** MATERIAL FOR THIS EXERCISE follows **
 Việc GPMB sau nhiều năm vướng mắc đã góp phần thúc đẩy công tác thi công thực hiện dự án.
** End of MATERIAL FOR THIS EXERCISE **
** MATERIAL FOR THIS EXERCISE follows **
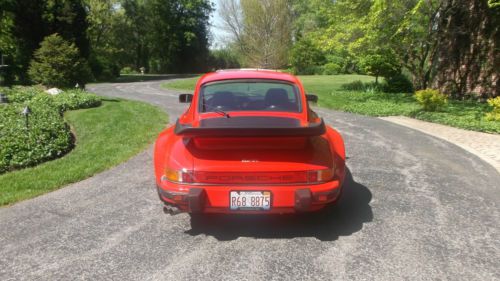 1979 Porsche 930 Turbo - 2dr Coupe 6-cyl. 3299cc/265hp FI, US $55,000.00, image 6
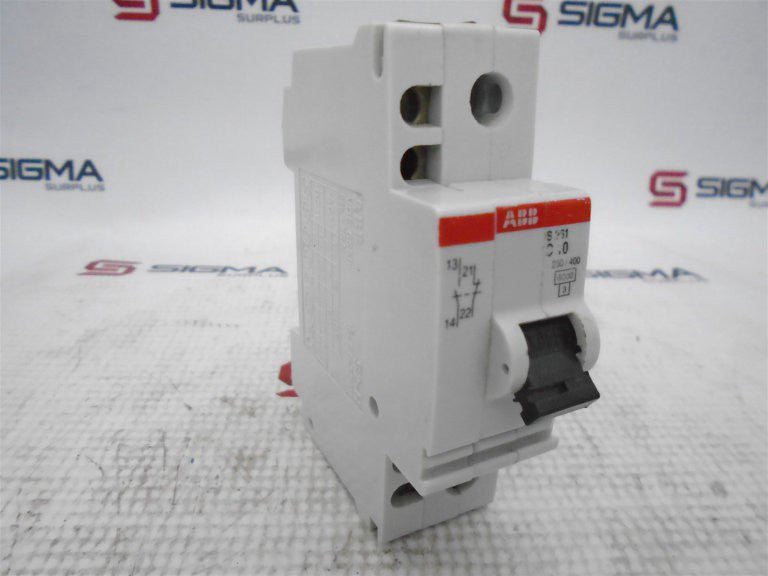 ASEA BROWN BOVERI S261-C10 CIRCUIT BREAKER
** End of MATERIAL FOR THIS EXERCISE **
** MATERIAL FOR THIS EXERCISE follows **
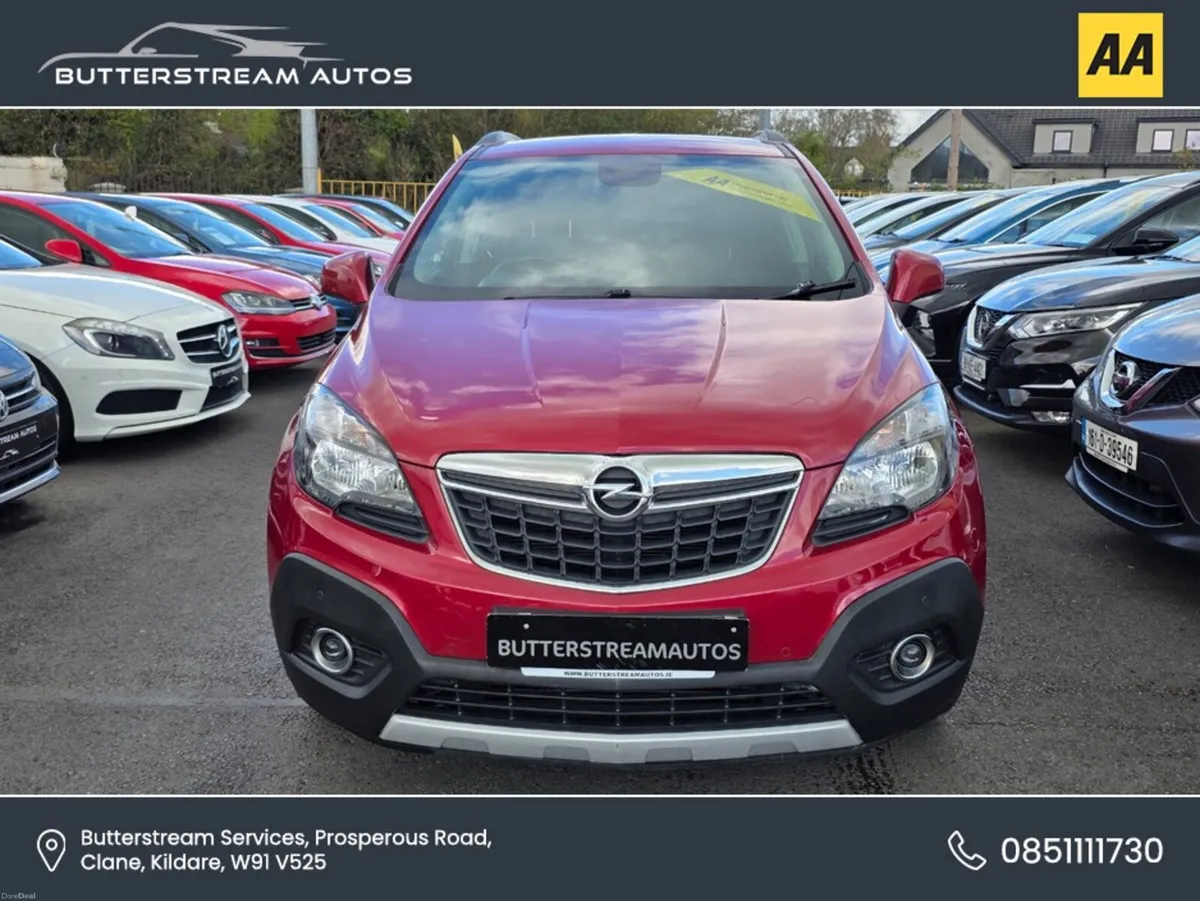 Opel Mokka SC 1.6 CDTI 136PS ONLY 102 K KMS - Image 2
** End of MATERIAL FOR THIS EXERCISE **
**TASK OBJECTIVE:** Give the lines above again exactly, from the one containing "1979 Porsche 930" to the one containing "ASEA BROWN BOVERI S261-C10 CIRCUIT BREAKER", both included, but leave out the pictures.

**PROBLEM SOLUTION:**
 1979 Porsche 930 Turbo - 2dr Coupe 6-cyl. 3299cc/265hp FI, US $55,000.00, image 6
 ASEA BROWN BOVERI S261-C10 CIRCUIT BREAKER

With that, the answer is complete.